* Task requirements:
In the entries below, which lines run from the one with "Now we have" through the one with "Here's an example"? Repeat exactly those, both included, and no pictures.

* Information provided:
┌──

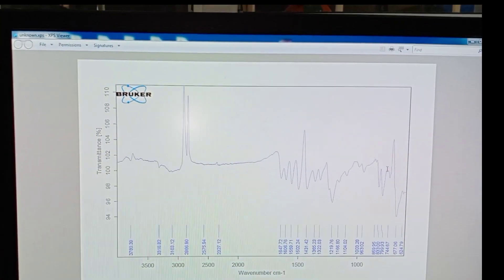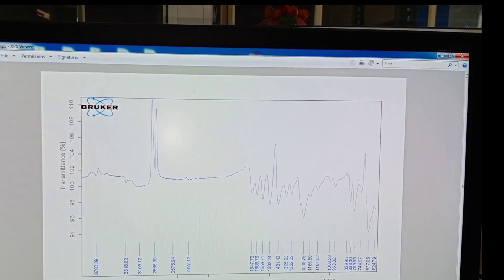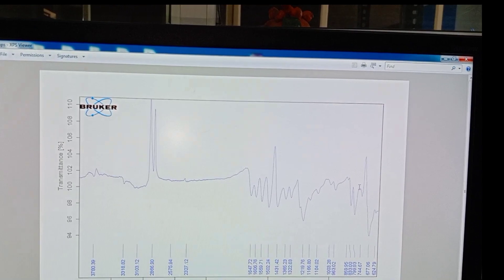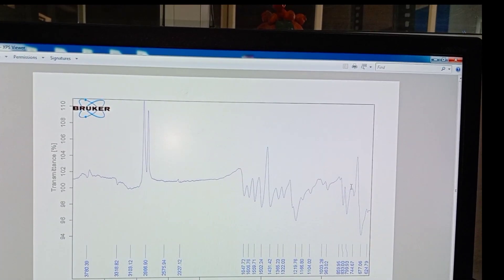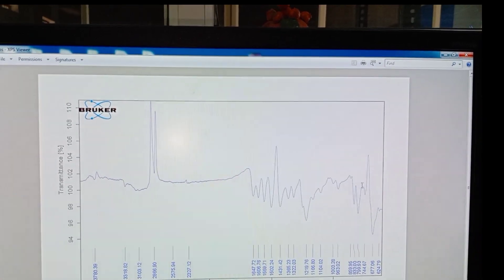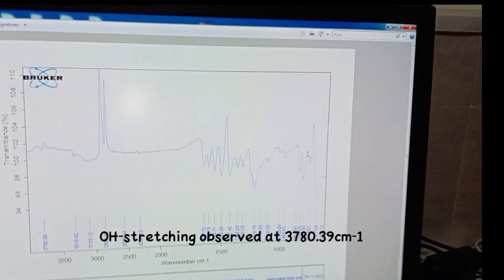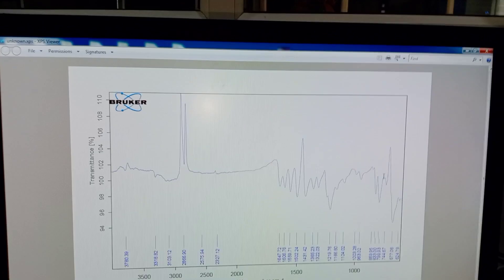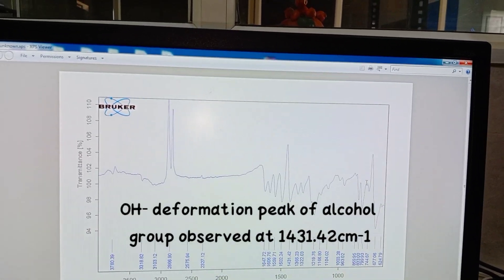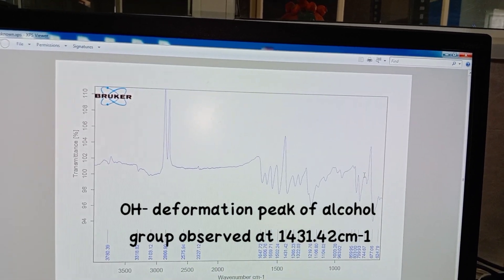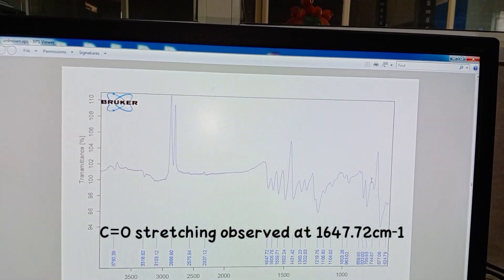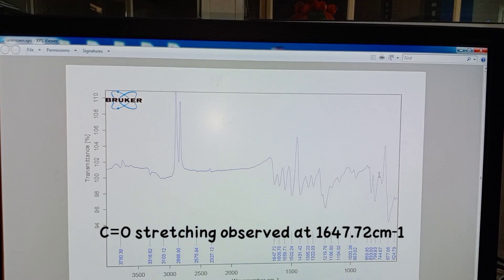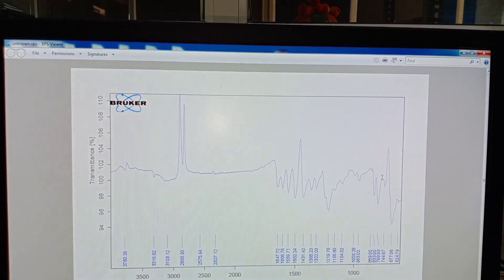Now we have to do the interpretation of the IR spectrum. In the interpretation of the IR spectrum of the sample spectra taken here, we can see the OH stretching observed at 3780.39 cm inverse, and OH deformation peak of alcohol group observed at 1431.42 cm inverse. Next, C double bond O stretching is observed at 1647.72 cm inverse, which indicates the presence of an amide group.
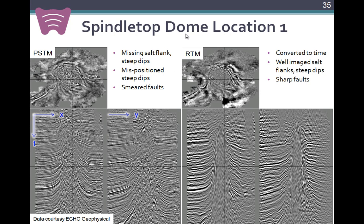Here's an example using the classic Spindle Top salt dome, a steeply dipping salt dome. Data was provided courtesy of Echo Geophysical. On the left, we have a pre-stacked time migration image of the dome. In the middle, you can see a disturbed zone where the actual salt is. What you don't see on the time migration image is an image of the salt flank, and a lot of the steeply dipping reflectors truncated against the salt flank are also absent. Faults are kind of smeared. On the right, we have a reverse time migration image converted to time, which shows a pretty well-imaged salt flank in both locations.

└──
┌──

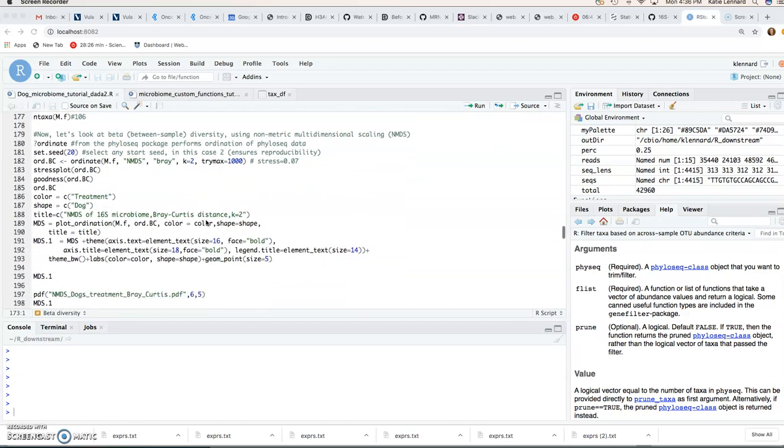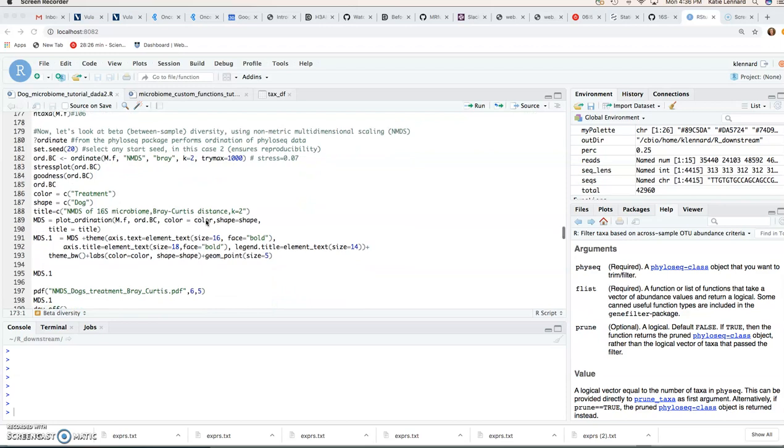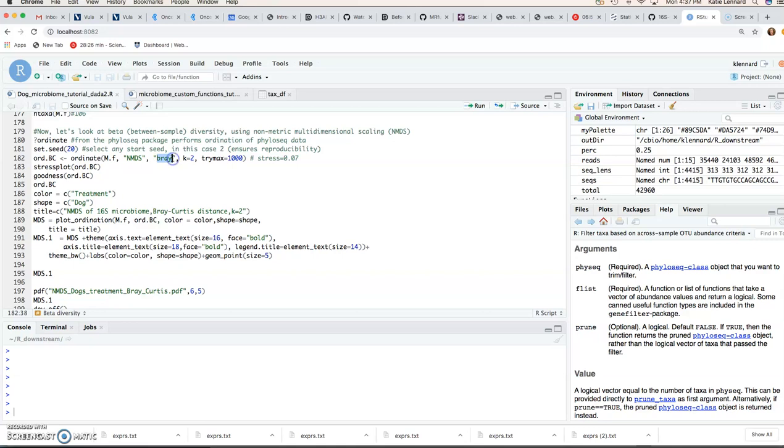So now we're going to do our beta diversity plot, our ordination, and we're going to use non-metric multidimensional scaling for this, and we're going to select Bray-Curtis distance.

└──

* Exercise response:
Now we have to do the interpretation of the IR spectrum. In the interpretation of the IR spectrum of the sample spectra taken here, we can see the OH stretching observed at 3780.39 cm inverse, and OH deformation peak of alcohol group observed at 1431.42 cm inverse. Next, C double bond O stretching is observed at 1647.72 cm inverse, which indicates the presence of an amide group.
Here's an example using the classic Spindle Top salt dome, a steeply dipping salt dome. Data was provided courtesy of Echo Geophysical. On the left, we have a pre-stacked time migration image of the dome. In the middle, you can see a disturbed zone where the actual salt is. What you don't see on the time migration image is an image of the salt flank, and a lot of the steeply dipping reflectors truncated against the salt flank are also absent. Faults are kind of smeared. On the right, we have a reverse time migration image converted to time, which shows a pretty well-imaged salt flank in both locations.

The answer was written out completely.